Segment Open

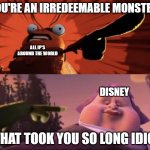 Jack Horner Is Horrible | YOU'RE AN IRREDEEMABLE MONSTER! ALL IP'S AROUND THE WORLD; DISNEY; WHAT TOOK YOU SO LONG IDIOT | image tagged in jack horner is horrible | made w/ Imgflip meme maker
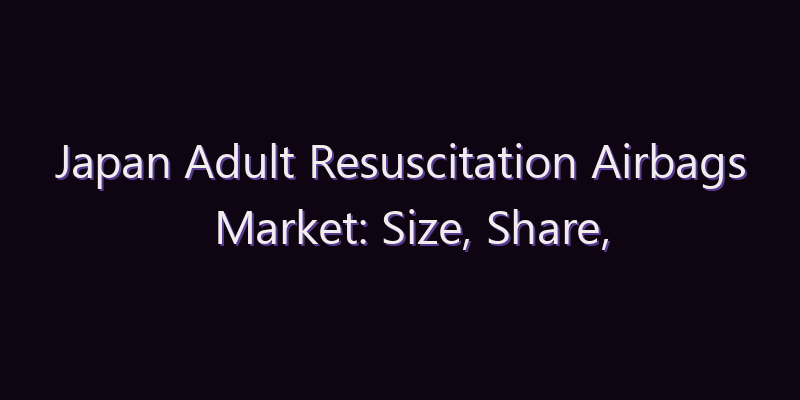Japan Adult Resuscitation Airbags Market: Size, Share, Scope & Forecast 2026–2034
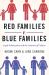 Red Families v. Blue Families: Legal Polarization and the Creation of Culture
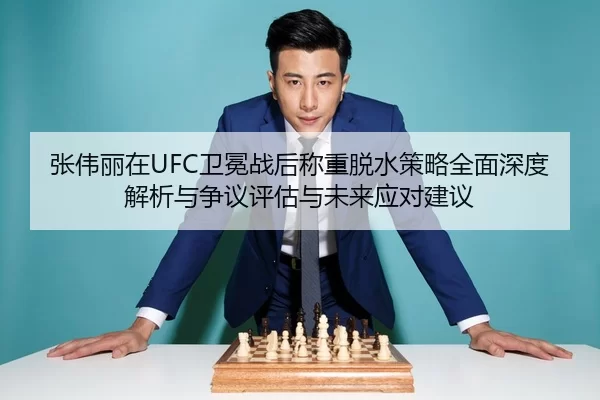 张伟丽在UFC卫冕战后称重脱水策略全面深度解析与争议评估与未来应对建议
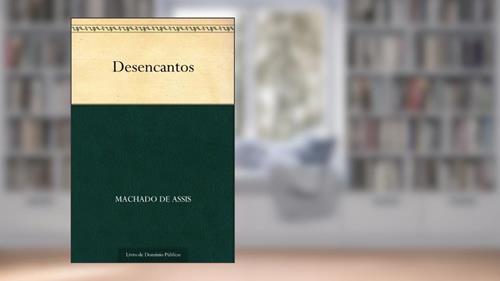 Capa de Desencantos, do autor Machado de Assis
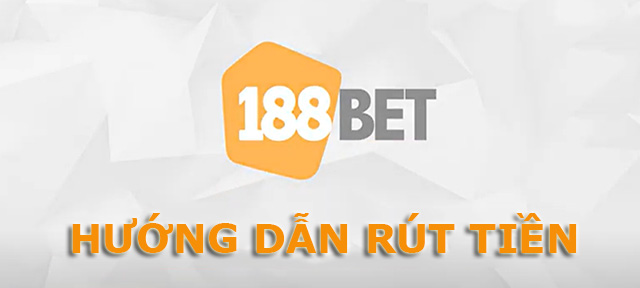 Rút tiền 188Bet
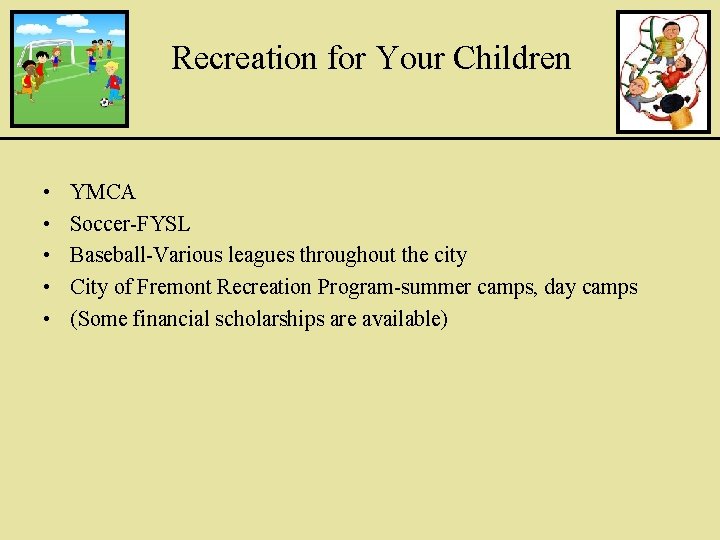 Recreation for Your Children • • • YMCA Soccer-FYSL Baseball-Various leagues throughout the city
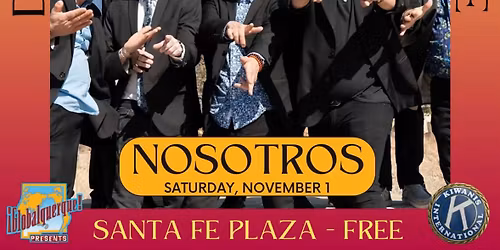 Nosotros \u2022 Dia de Muertos \u2022 Santa Fe Plaza \u2022 8pm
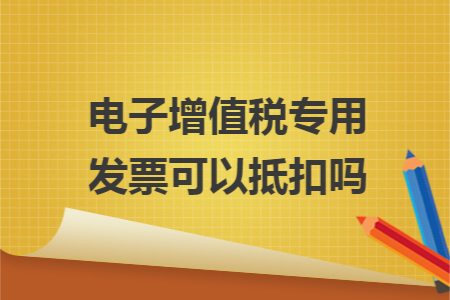 电子增值税专用发票可以抵扣吗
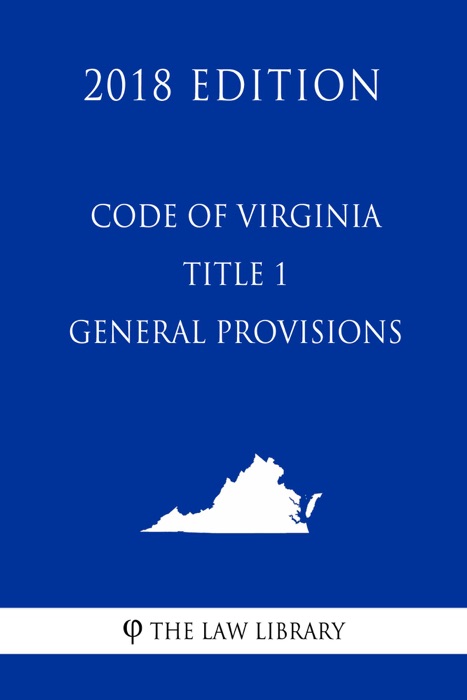 Code of Virginia - Title 1 - General Provisions (2018 Edition)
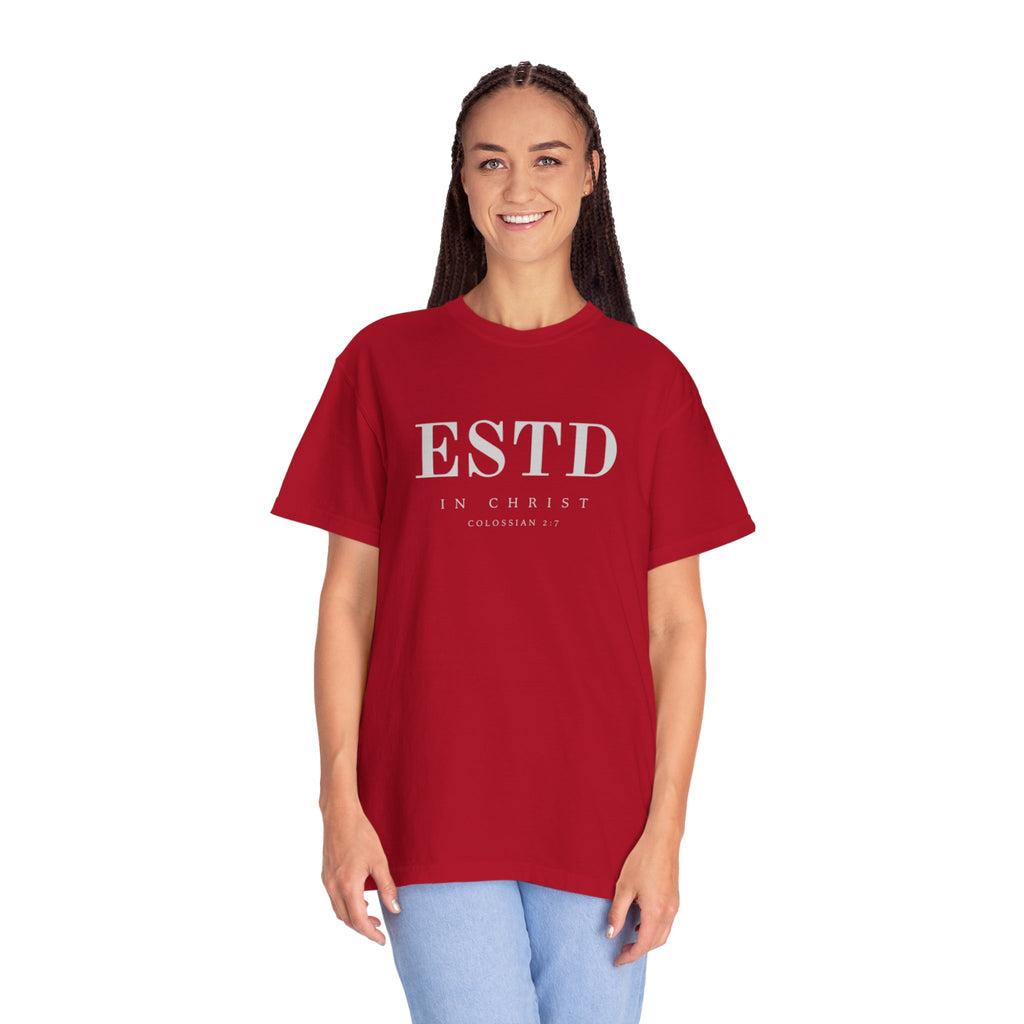 Official ESTD in Christ (Colossians 2:7) T-shirt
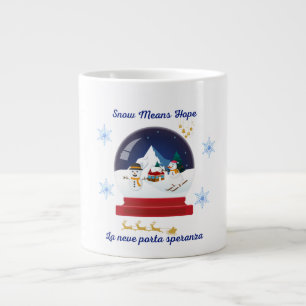 Schnee bedeutet Hoffnung – Zweisprachige Schneekug Jumbo-Tasse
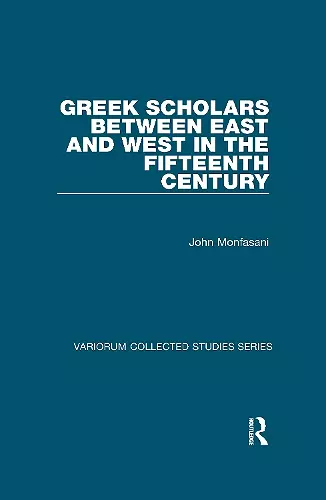 Greek Scholars between East and West in the Fifteenth Century cover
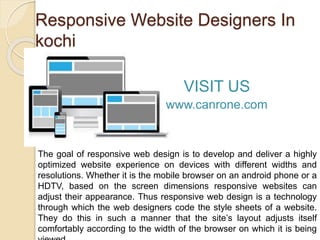 Responsive Website Designers In
kochi
The goal of responsive web design is to develop and deliver a highly
optimized website experience on devices with different widths and
resolutions. Whether it is the mobile browser on an android phone or a
HDTV, based on the screen dimensions responsive websites can
adjust their appearance. Thus responsive web design is a technology
through which the web designers code the style sheets of a website.
They do this in such a manner that the site’s layout adjusts itself
comfortably according to the width of the browser on which it is being
VISIT US
www.canrone.com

Segment Closed

Work task:
The answer must be the lines from the one containing "comfortably according to" through the last line of the records, copied exactly, with nothing else.

Written answer:
comfortably according to the width of the browser on which it is being
VISIT US
www.canrone.com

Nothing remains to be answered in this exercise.